As is the case across pretty much all medical specialties, radiology has seen quite a significant expansion in the roles of non-physician practitioners (NPP), such as nurse practitioners and physician assistants. The growing number of these practitioners has stimulated a passionate differences of opinions among practice leaders in the community. Some are strongly opposed, worrying about “creep” into their physicians’ workloads. Others are embracing NPPs as part of physican-led teams, using them in very narrow and highly supervised clinical scenarios. The only data, however, on how they’re used and by whom is all related to surveys, which can be methodologically problematic.
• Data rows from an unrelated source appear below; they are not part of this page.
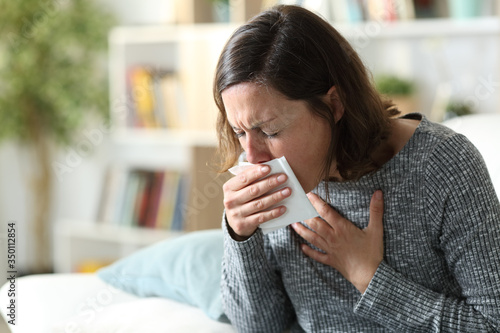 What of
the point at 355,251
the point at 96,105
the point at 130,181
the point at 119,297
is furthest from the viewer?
the point at 96,105

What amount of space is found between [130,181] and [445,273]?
2140 millimetres

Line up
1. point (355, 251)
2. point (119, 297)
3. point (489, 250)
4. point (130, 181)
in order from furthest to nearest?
point (130, 181) → point (119, 297) → point (355, 251) → point (489, 250)

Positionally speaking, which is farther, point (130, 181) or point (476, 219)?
point (130, 181)

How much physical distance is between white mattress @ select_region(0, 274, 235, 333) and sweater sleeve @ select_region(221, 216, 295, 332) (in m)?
0.05

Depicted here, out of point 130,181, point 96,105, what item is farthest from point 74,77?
point 130,181

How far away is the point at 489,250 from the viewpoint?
1.06 m

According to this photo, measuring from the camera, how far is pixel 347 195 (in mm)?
1203

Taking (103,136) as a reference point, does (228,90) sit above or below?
above

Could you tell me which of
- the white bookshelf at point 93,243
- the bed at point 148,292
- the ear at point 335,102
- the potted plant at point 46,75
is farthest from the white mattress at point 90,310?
the potted plant at point 46,75

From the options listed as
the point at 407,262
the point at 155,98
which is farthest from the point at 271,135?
the point at 155,98

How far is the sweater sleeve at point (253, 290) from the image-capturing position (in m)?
1.23

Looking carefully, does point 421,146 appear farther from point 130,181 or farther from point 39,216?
point 39,216

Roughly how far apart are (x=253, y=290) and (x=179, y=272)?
0.81 feet

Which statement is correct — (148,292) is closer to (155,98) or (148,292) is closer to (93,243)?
(155,98) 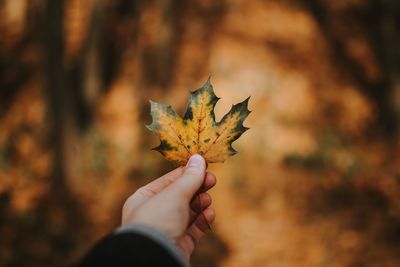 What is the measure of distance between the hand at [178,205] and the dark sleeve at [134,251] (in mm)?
134

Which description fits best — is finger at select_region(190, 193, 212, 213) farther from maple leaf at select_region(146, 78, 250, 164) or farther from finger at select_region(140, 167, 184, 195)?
maple leaf at select_region(146, 78, 250, 164)

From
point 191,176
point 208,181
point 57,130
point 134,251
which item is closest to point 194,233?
point 208,181

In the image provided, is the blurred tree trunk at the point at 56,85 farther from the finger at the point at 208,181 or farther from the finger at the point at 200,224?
the finger at the point at 208,181

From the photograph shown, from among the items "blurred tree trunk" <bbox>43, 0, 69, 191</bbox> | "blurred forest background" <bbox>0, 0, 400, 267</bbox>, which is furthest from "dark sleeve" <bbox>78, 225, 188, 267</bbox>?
"blurred tree trunk" <bbox>43, 0, 69, 191</bbox>

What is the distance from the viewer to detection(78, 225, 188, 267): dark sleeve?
1.22 m

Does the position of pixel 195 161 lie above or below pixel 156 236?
above

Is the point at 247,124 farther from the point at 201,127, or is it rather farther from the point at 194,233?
the point at 201,127

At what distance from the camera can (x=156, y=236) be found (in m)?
1.36

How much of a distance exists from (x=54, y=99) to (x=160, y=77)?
142 inches

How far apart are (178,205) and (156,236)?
0.31 m

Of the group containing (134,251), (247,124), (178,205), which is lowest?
(134,251)

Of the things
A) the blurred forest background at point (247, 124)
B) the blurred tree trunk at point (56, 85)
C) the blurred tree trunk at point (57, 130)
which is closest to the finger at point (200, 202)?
the blurred forest background at point (247, 124)

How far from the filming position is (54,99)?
6262mm

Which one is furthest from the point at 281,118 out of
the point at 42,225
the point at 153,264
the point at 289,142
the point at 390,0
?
the point at 153,264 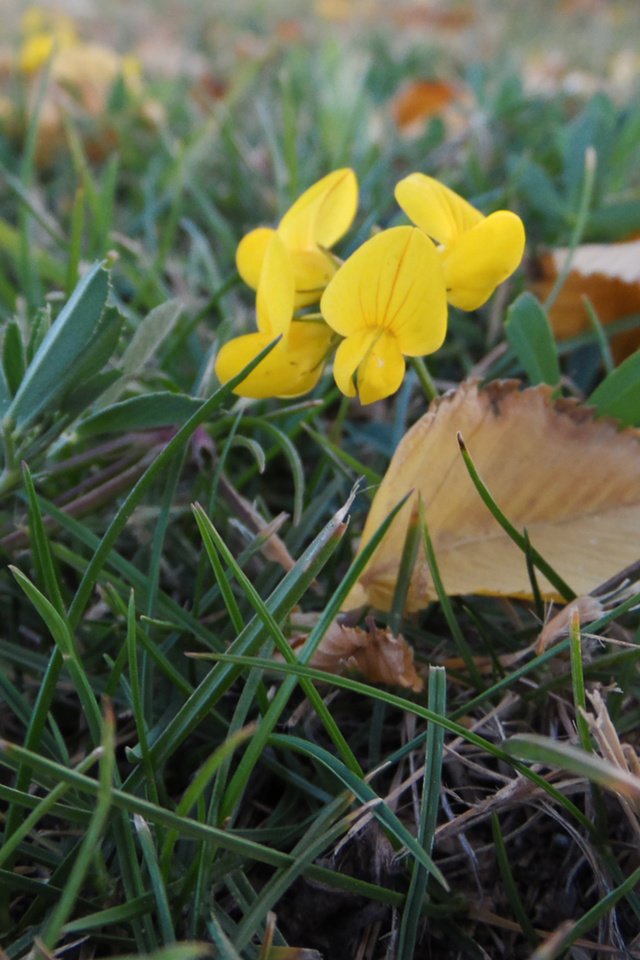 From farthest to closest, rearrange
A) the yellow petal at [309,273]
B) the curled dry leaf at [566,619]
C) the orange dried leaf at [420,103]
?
1. the orange dried leaf at [420,103]
2. the yellow petal at [309,273]
3. the curled dry leaf at [566,619]

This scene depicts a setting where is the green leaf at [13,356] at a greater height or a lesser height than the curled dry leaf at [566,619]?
greater

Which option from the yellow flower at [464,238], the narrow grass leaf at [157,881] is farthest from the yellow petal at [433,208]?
the narrow grass leaf at [157,881]

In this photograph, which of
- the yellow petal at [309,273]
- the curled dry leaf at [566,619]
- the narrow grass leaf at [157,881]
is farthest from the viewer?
the yellow petal at [309,273]

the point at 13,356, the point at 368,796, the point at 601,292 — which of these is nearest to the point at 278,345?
the point at 13,356

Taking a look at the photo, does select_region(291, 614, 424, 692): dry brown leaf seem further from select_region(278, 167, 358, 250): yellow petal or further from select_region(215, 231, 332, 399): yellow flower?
select_region(278, 167, 358, 250): yellow petal

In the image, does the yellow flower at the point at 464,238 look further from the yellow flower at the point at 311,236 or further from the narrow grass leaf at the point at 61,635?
the narrow grass leaf at the point at 61,635

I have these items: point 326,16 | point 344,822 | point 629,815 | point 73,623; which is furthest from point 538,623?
point 326,16

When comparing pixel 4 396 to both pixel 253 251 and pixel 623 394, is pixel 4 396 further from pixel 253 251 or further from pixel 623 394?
pixel 623 394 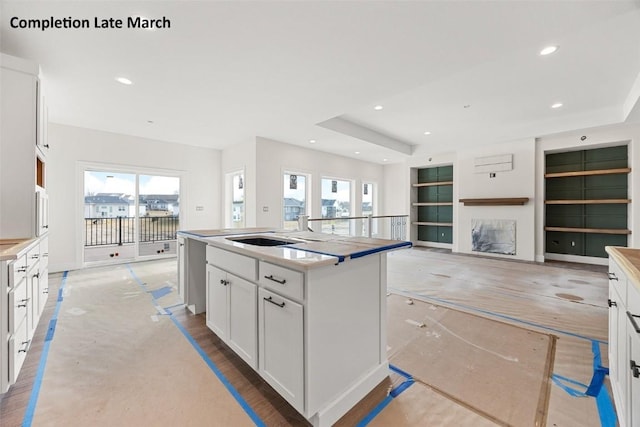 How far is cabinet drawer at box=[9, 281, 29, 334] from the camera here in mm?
1489

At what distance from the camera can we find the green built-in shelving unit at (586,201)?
16.9 feet

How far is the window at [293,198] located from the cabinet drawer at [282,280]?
4489 millimetres

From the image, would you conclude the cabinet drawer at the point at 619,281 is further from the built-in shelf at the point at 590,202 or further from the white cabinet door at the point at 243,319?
the built-in shelf at the point at 590,202

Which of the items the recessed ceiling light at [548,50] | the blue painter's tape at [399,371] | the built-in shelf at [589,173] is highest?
the recessed ceiling light at [548,50]

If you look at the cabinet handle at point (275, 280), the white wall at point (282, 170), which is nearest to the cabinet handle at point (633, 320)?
the cabinet handle at point (275, 280)

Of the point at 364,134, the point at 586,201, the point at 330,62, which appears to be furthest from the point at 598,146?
the point at 330,62

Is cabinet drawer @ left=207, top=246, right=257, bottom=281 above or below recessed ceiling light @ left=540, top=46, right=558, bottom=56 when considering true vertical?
below

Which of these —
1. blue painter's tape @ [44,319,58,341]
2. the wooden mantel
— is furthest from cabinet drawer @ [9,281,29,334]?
the wooden mantel

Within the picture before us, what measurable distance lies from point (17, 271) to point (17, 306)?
215 mm

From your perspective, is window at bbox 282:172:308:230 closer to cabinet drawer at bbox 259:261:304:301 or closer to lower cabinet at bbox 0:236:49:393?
lower cabinet at bbox 0:236:49:393

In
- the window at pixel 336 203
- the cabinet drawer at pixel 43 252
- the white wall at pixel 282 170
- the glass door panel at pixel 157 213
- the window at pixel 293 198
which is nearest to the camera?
the cabinet drawer at pixel 43 252

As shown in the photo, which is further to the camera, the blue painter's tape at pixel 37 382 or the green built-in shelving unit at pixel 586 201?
the green built-in shelving unit at pixel 586 201

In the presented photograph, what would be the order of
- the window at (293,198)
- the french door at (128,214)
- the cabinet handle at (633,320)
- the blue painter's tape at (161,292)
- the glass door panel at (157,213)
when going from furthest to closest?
the window at (293,198) < the glass door panel at (157,213) < the french door at (128,214) < the blue painter's tape at (161,292) < the cabinet handle at (633,320)

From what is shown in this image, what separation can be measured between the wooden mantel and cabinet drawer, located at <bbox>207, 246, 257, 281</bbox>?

Given the nuance and debate surrounding this topic, our team endeavored to characterize the present state of NPP participation in radiology practices in attempt to inform administrative discussions. Our intended workflow involves a series of publications which each dig into separate focal points of the debate. The first installment of this workflow characterizes the NPPs who work for radiology-only practices.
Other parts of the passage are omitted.